Les lectures

Obsolète de Sophie Loubière

couverture du livre "Obsolète" de Sophie Loubière. Un visage de femme avec des lunettes rouges et du rouge à lèvre ; dans ces verres se reflète de la fumée. L'image fais très pin-up des années 50.

« Il saisit le verre en soupirant. Un truc qu’il ne pigeait pas : il suffisait d’une imprimante 3D pour remettre une machine à laver d’aplomb ou remplacer les parties du squelette qui déconnaient, ses genoux par exemple, mais on arrivait pas à réparer les femmes. »

Yann Moix déclare sur un plateau télé en 2019 que les femmes de 50 ans ne l’intéressent pas, et que pour lui elles deviennent invisibles.

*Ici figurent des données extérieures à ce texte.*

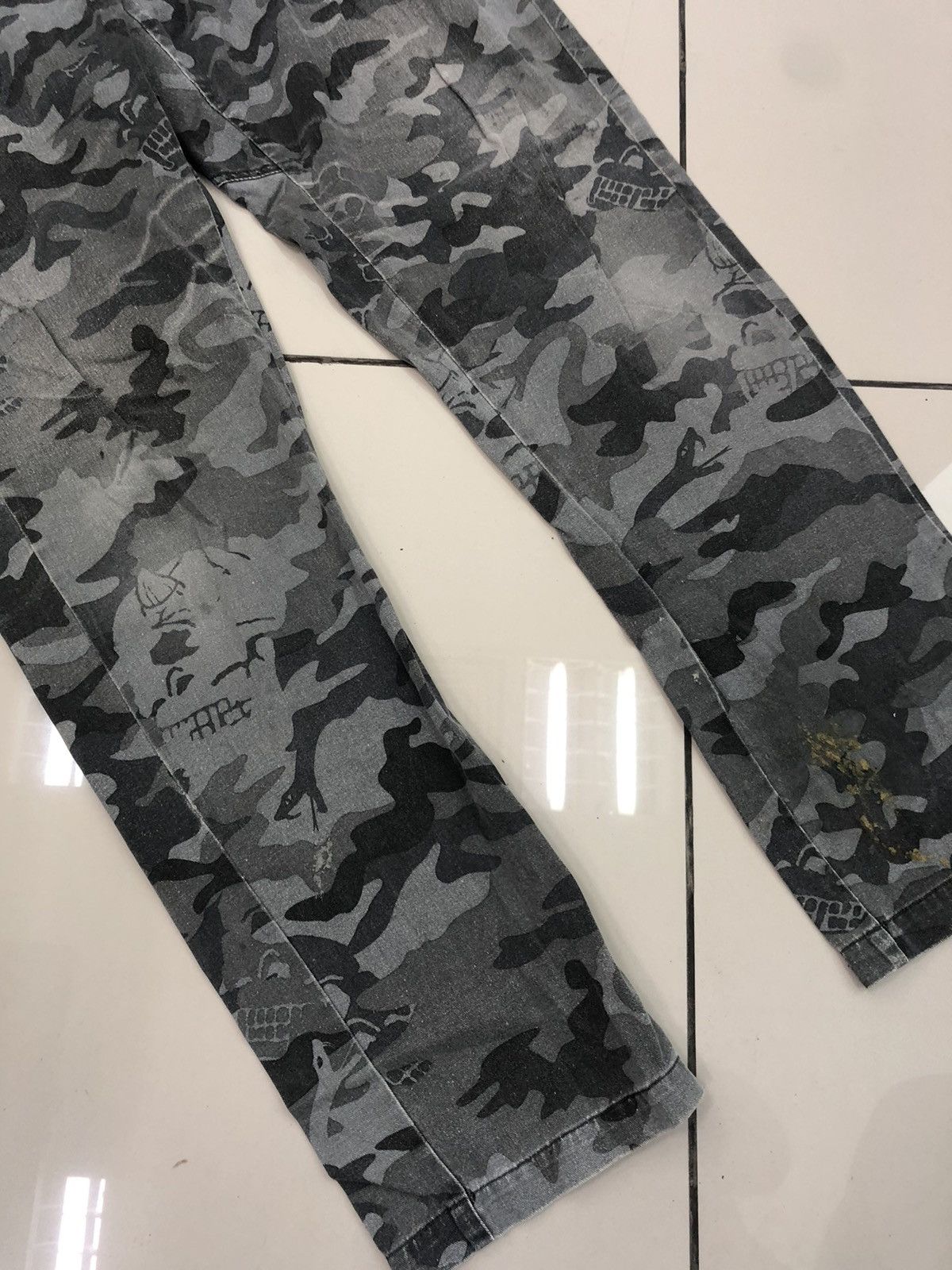 Mishka × Seditionaries MNWKA by Mishka Skulls Camo pants size 36 Size US 36 / EU 52 - 3 Thumbnail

La grande classe. Ajoutons à cela cette phrase tirée de 1984 de George Orwell mise en exergue du roman « Quand je l’ai vue dans la lumière, c’était une vieille, cinquante ans au bas mot. Mais ça ne m’a pas arrêté, j’y suis allé quand même » qui a peut-être donné l’idée à Sophie Loubière d’écrire un livre d’anticipation et de science-fiction en même temps qu’un roman noir, en prenant comme thématique principale la vie et le devenir mystérieux des femmes de 50 ans.

Sophie Loubière décrit une société en 2224. Elle le fait en imaginant le futur par rapport aux préoccupations (« réarmement démographique », écologie…) et avancées technologiques actuelles (Intelligence Artificielle…). Elle imagine la façon dont elles changent la société et vont se développer pour donner naissance à une société vertueuse. Utopie ?.. Cette société qui s’est remise du changement climatique, des catastrophes naturelles et crises qui en ont découlé a réussi à proscrire le gaspillage, les armes et la guerre. Des bracelets régulent les émotions et permettent de vivre ensemble dans la paix. Dystopie ?… Dans cette nouvelle société les femmes sont retirée sà l’âge de 50 ans et partent pour les « hautes plaines », un sorte de paradis dont personne ne revient. C’est le prix à payer pour que la société fonctionne. Un passage difficile pour les hommes qui voient partir leurs mères, leurs sœurs, leurs filles, leurs femmes… et dont le quota de tâches ménagères augmente soudainement. Les hommes susceptibles de procréer ont alors la possibilité de se voir attribuer une autre femme, plus jeune, et d’engendrer à nouveau une descendance.

La mise en place des éléments science-fictionnels est précise et détaillée et avance au fur et à mesure que les protagonistes féminins vont être « retirées ». Le roman policier d’enquête commencera à la moitié du livre. La finesse – le choix d’une coiffeuse et d’un archéologue comme principaux protagonistes est une excellente idée – et le style de Sophie Loubière sont au rendez-vous en science-fiction comme en roman policier (ou criminel devrait-on dire).

« Avec son lot de pathologies fonctionnelles enclenchées depuis une ménopause précoce, sans parler de l’hypertension intracrânienne dont les épisodes se faisaient plus douloureux et plus fréquents, Maud savait qu’elle avait atteint la phase d’obsolescence ».

La place de la femme dans la société est au cœur de l’ouvrage. Dans nos sociétés, le regard porté sur les femmes de 50 ans n’est pas le même que sur les hommes du même âge. Le livre aborde aussi le sujet des mythes, de la passion et des émotions. Car dans une société sans émotions fortes (peine, colère, douleur, amour…) l’être humain ne risque-t-il au final pas d’être réduit à son utilité ?

Emeric Cloche

Sophie Loubière, Obsolète, Belfond noir, 2024, 528 pp., 21€ puis en poche chez Pocket depuis le 30 Janvier 2025.